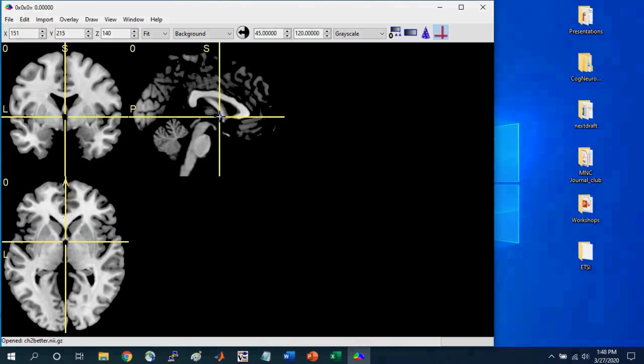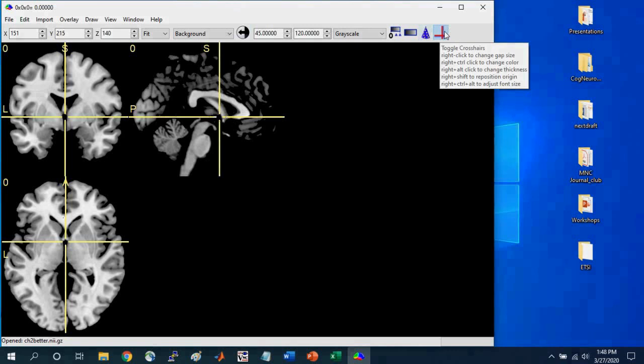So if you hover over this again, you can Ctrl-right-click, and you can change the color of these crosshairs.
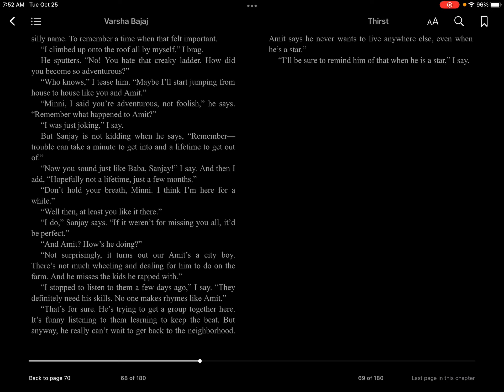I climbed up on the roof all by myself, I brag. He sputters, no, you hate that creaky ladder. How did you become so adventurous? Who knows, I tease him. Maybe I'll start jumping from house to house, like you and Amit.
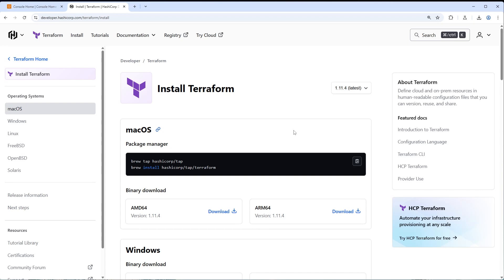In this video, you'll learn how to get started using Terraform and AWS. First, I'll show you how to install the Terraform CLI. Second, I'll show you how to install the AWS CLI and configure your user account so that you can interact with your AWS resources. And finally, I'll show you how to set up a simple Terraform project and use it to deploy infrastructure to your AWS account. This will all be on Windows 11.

**********

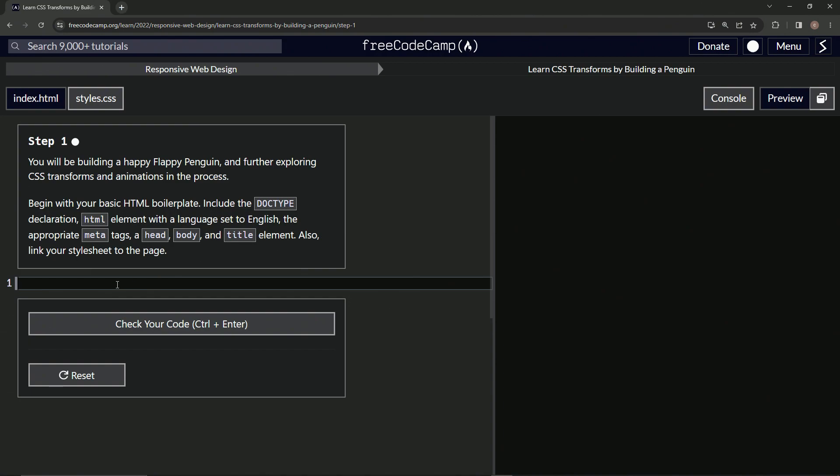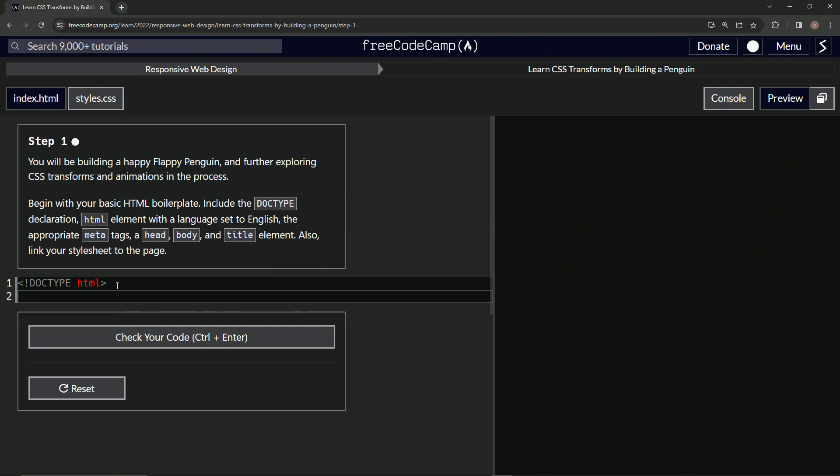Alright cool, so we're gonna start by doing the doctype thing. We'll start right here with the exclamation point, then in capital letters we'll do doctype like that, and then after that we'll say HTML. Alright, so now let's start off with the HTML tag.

**********

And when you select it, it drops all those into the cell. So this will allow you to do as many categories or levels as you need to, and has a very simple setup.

**********

● THE PROBLEM
Copy out the lines above from the line containing "So if you hover" through the line containing "I climbed up", exactly, and keep the pictures out.

● RESULT BELOW
So if you hover over this again, you can Ctrl-right-click, and you can change the color of these crosshairs.
I climbed up on the roof all by myself, I brag. He sputters, no, you hate that creaky ladder. How did you become so adventurous? Who knows, I tease him. Maybe I'll start jumping from house to house, like you and Amit.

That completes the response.